Passive Architectural Design Doesn’t Have to Look Modern
Passive design is all the rage among architects these days. Often times, architectural firms combine passive design with modern architectural principles as a selling point. It works, so why not? At the same time, passive design doesn’t have to look modern. It is very possible to design and build a passive house-certified structure that looks rather old.
A good case in point is a recently opened cidery in the Catskill region of upstate New York. Seminary Hill Orchard & Cidery is the world’s first cidery to earn passive house certification. If you didn’t know better, you would think the structure is a centuries-old barn that has been refitted for a modern purpose.
A Nod to the Past
Upstate New York used to be home to hundreds of bank barns that dotted the landscapes of the Hudson Valley, the Finger Lakes region, and even the northern portions of the state. Those barns are getting harder and harder to find. Age and a lack of maintenance are taking their toll.

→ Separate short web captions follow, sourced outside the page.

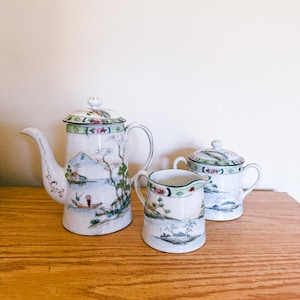 May include: A vintage porcelain tea set featuring a teapot, creamer, and sugar bowl. The set is decorated with a landscape scene in shades of blue, green, and white, with a green and floral border. The teapot has a curved spout and handle.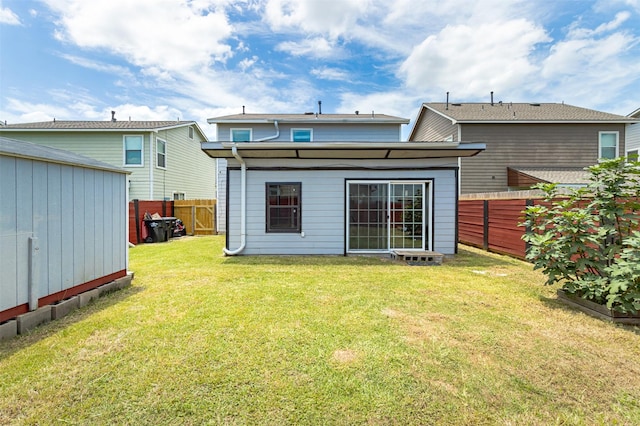 rear view of property featuring a lawn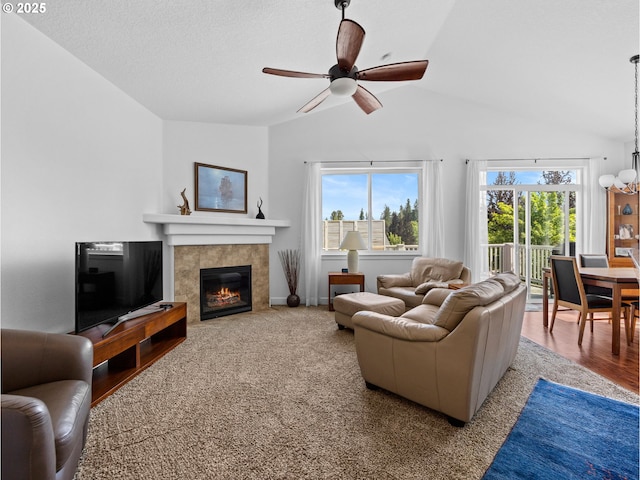 37149 Emerald Cascade, Sandy, OR 97055 - living area with lofted ceiling, plenty of natural light, a ceiling fan, a tile fireplace, and a chandelier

Seminary Hill owners and architects wanted to preserve a bit of the past. So they decided that their new cidery would reflect the bank barns of days gone by. Despite being rooted in passive design, the structure looks every bit like a barn at first glance. From the road, you might not even know what the building actually is.

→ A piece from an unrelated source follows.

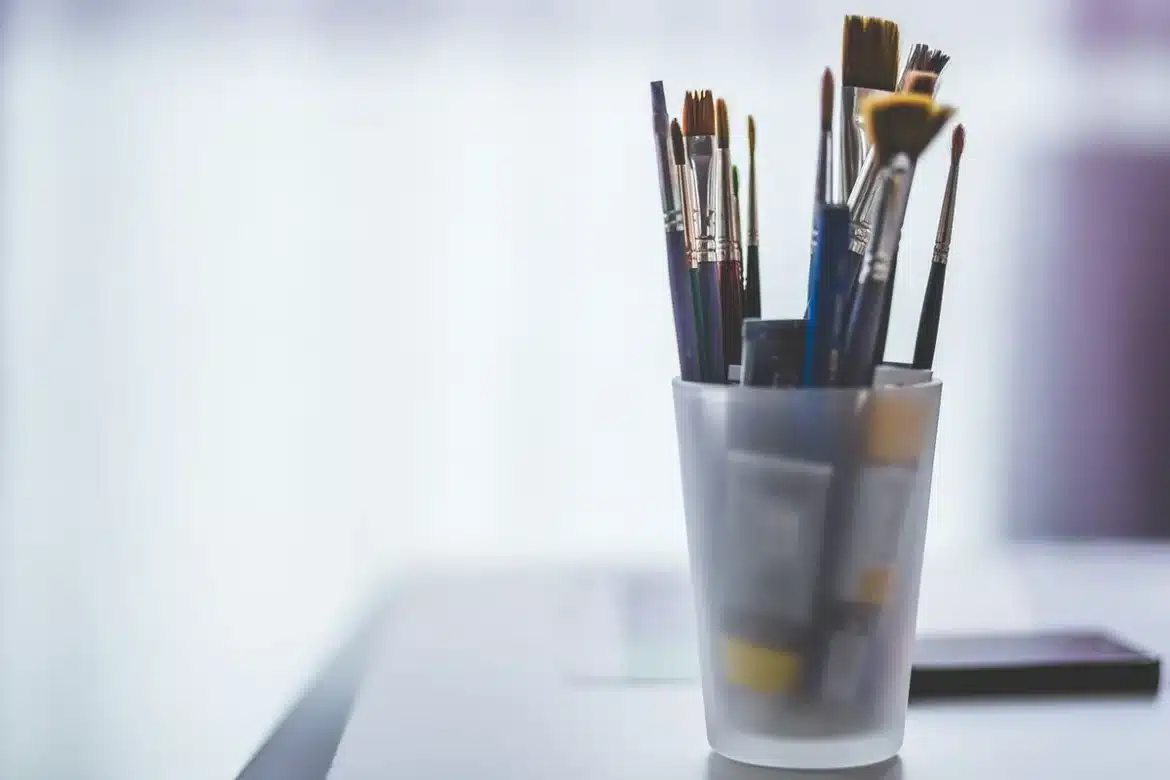 Espace de travail d'artiste avec matériel créatif, croquis et outils dispersés sur une table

One of the ways designers kept the look of a barn without inhibiting passivity was to use exterior cladding that simultaneously resemble old barn boards and filter sunlight. The shape of the structure and its stone foundation complete the picture.
More About Passive Design
Passive design is something architects have been working with for millennia. Even before the practice had an official name, architects knew that designing buildings in concert with nature was integral to maintaining comfort and using energy wisely.
The architects at Sparano + Mooney say passive design is all about reducing the need for mechanical heating and cooling through features built into the structure. Sparano + Mooney is an expert passive design architectural firm active in Utah and throughout the West.
Passive design considers a lot of different things:
- Natural Sunlight – Natural sunlight can be utilized to heat a structure during the winter months. Finding a way to passively block it can also help keep structures cooler in the summer. Passive design considers the path of the sun across a given property.
- Exterior Features – In addition to positioning the structure to take advantage of sunlight, exterior features can add to passive design. For example, extensive tree cover is an important feature in managing temperatures.
- Energy Efficiency – You cannot talk about passive design without mentioning energy efficiency. Architects consider everything from insulation to renewable power sources. The more energy-efficient a structure is, the better it is for the surrounding environment.
- Sustainability – Although sustainability is not technically part of passive design, many architects incorporate it into their practices. Committing to sustainability only increases the need to find ways to improve passive heating and cooling.
Seminary Hill Orchards’ decision to build a passively designed cidery may have been rooted in a desire to have a building that was both energy efficient and sustainable. But that did not force them to settle for modern architecture that just would not look the part in the Catskills.
Their architects were able to create a structure that is both passive and in keeping with the architectural history of the region at the same time. They now have a building that looks old despite being very modern in its energy efficiency and sustainability.